Witnesses at police inquest describe chaotic scenes from school shootout
May 29, 2012
By Warren Kagarise
Just after 11 a.m. Sept. 24, as Ronald W. Ficker meandered from a downtown Issaquah intersection to Clark Elementary School, Leslie Olerich stared down the barrel of Ficker’s rifle.
“He looked right at us, looked down the barrel and he smiled,” Olerich said May 21 at a court hearing about the incident.
Issaquah police fatally shot Ficker, 51, after the rural Maple Valley man abandoned a rental car at a downtown intersection and, carrying rifles and ammunition, set off in the direction of school campuses and, along the way, brandished firearms to passers-by.
Olerich testified May 21 at a King County-led inquest into the actions of police officers involved in the shootout — Cpl. Christian Muñoz, and officers Laura Asbell, Brian Horn and Jesse Petersen.
The sound of gunfire echoed across the Issaquah High School parking lot as Olerich departed a youth football game at the school.
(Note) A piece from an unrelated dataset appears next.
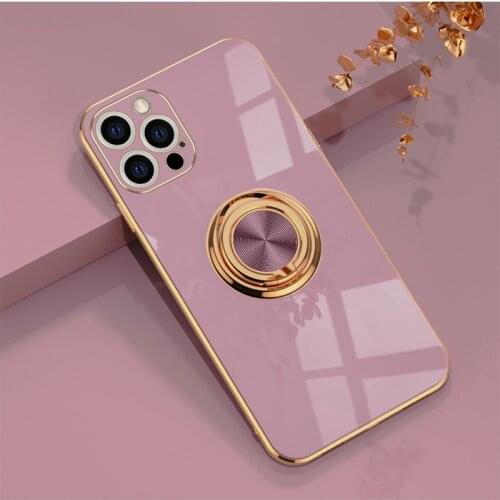 Luxury Cute Plating Silicone Ring Bracket Phone Case For iPhone 12 11 Pro XS max XR X 8 7 Plus Ultra-thin Magnetic Stand Cover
“My wife said, ‘That sounded like a gunshot,’ and I said, ‘Well, it was probably just a firecracker or a backfire,’ and we just proceeded to walk to our car,” he said.
Moments later, the Kent residents encountered the rifle-toting Ficker in the high school parking lot. The gunman pointed a rifle at the Oleriches’ vehicle.
“Boy, if he’d have just had a twitch in his trigger finger, we were done — but he just smiled at us with a huge smile,” Olerich continued.
Instead, Ficker continued his fateful trip to the adjacent Clark Elementary campus.
James Hoel, a motorist caught in the traffic jam after Ficker’s silver Kia sedan ran out of gasoline on Front Street South near the Julius Boehm Pool, described the scene for jurors.
“When I came up even with him, I realized that he was holding a rifle in his left hand and a box of something in his right hand, and he was continuing to search in the trunk,” Hoel said. “At this point, I was still under the impression that we had a disabled vehicle situation. I said, ‘Do you need a hand? Do you want me to help push you around the corner?’ And his response was — I don’t know if it was verbatim — he said something to the order of, ‘No, thanks. I’m fine. It’s OK.’”
Hoel later called police to report the odd incident.
“It didn’t feel right to me that a man was taking a rifle out of a trunk, even though that act in itself wasn’t illegal,” he said. “It was a little strange.”
Liberty High School coach confronts gunman
Jurors also heard from Liberty High School cross country coach Michael Smith, Karen Chucka — a mother of cross country team members — and Dave Montalvo, a King County deputy among the initial responders to the shooting.
(Montalvo also serves as the school resource officer at Liberty High School.)
The cross country team reached the school after a practice run along a Tiger Mountain trail. Team members slurped Otter Pops and chatted in the late-morning heat.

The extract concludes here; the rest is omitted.